When they built Wangi it was in two parts. There was A Station and B Station. A Station was a more old-fashioned type of design. The coal went into the furnace in lumps about the size of a big marble. There was a rotor that had blades on it that threw the coal across onto the back/rear of the grate, and the grate slowly moved forward and tipped the ash off the other side. That ash was very popular, and they used it just about everywhere - for footings, foundations. You know the football field that is near the power station? Well, that was all levelled off with ash from Wangi. And that was the last of the grate-fed boilers. But now they all use pulverized fuel, which is as fine as baby powder. That's fired into the boiler with air, and the ash that comes off is almost like cement. It is now used everywhere as a cement additive - you'd think it was cement to look at, like dry grey powder. It's not much good for filling, but the old ash from Wangi A Station was very popular. When they were building houses they'd put the ash down first and the concrete on top. It was particularly good because it was porous and drained well. I can remember planting grass on the football oval when they first built it.
I started my apprenticeship as a fitter & machinist when I was 15. I'd just done the Intermediate Certificate. I was only a kid, and to be put into an industry like that was daunting. Were they tough on you, you ask? Well, there was always some sort of initiation in those days. You were caught and had a liberal application of grease and coal dust applied to your nether regions. Once you'd done that, well, you were in. You couldn't do that these days, though. People'd want to sue you ... but it was all in good fun. I suppose, it was part of growing up and becoming a man.
I was very pleased with the way we got trained there. The apprentice workshop was the start of it, and it was very good. You learnt all the basics of the trade. I did a five year apprenticeship, and for first and second year I went to tech every week at Newcastle. The third and fourth year it was once a fortnight, and in the last year you had electives where you could go and do hydraulics or pneumatics, and I chose to do toolmaking.
My wife Pat and I got married. We were very young. She was 19 and I was 20. In those days you had to get your parent's permission to marry because we were under 21. After we were married I got conscripted to go to Vietnam. Out of the five of us who started the apprenticeship I was the one who drew the short straw, and it really pissed me off. I got deferred for a year because I was going to tech of a night time. But there seemed to be no end to the war, and I said to Pat that I might as well bight the bullet and get this over with, so as not to have this thing hanging over our head.

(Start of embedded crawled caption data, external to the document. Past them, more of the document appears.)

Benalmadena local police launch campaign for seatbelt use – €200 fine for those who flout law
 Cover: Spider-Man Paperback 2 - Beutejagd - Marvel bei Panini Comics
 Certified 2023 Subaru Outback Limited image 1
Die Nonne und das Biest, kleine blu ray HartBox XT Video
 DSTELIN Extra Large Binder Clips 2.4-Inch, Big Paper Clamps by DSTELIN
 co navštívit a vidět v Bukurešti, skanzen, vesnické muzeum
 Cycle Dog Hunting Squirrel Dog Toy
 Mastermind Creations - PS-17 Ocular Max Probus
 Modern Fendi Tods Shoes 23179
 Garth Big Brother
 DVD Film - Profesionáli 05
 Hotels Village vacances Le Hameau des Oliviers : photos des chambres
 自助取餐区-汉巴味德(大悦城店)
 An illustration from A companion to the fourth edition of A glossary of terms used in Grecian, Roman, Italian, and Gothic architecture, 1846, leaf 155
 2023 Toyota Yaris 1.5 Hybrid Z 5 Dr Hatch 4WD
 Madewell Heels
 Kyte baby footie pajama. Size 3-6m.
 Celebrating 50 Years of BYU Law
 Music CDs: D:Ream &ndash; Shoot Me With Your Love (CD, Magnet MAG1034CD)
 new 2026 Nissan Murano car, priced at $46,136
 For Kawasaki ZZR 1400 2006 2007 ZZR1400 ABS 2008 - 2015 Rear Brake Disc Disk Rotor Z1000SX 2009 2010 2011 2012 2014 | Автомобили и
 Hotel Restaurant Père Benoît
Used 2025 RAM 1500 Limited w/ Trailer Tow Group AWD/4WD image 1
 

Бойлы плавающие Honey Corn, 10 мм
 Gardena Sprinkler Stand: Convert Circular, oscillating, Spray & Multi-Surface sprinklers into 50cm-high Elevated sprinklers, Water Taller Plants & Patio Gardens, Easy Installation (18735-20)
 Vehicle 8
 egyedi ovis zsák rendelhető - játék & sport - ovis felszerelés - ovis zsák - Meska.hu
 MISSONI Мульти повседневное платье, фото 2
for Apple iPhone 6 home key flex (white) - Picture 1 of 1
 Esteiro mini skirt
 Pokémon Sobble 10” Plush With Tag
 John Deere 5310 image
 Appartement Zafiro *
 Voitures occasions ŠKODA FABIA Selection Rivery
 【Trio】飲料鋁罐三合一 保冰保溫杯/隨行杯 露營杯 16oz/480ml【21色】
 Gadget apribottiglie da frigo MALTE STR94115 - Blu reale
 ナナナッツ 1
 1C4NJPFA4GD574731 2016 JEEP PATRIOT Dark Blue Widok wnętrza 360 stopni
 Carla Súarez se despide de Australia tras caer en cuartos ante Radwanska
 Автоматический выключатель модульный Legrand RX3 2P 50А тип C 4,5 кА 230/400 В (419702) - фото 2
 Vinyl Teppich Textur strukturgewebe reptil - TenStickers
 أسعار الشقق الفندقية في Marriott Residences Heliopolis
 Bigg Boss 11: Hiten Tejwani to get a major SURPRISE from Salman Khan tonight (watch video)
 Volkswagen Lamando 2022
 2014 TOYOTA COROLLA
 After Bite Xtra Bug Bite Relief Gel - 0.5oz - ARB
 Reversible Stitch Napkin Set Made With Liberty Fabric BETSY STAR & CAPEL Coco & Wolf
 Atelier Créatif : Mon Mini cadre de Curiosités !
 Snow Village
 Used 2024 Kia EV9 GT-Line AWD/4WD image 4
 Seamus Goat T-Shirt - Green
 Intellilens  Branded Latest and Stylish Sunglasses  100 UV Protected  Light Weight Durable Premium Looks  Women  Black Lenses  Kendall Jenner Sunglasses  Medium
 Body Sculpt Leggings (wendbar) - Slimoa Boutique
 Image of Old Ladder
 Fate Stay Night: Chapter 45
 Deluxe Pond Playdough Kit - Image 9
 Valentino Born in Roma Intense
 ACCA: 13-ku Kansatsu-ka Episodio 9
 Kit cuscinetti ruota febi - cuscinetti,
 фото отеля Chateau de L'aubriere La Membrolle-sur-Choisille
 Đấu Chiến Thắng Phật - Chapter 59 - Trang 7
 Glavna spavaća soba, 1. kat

Serving in Vietnam sort of stole my innocence you know? Ironically a girl I used to go out with in Wangi lost her brother to the Vietnam war while I was there. When I came back the blokes seemed different, but it was probably me. They thought differently - and probably the war did me a lot of favours. When I got promoted in the Electricity Commission as far as I could go - I just pulled the pin and left - and we started our own business. I probably never would have done that if I'd never gone away. Of the other guys that I started my apprenticeship with, two of them died (I do believe their deaths were asbestosrelated, but you can never know that), and there are still two going. They've spent their whole life in the Commission. We still keep in touch.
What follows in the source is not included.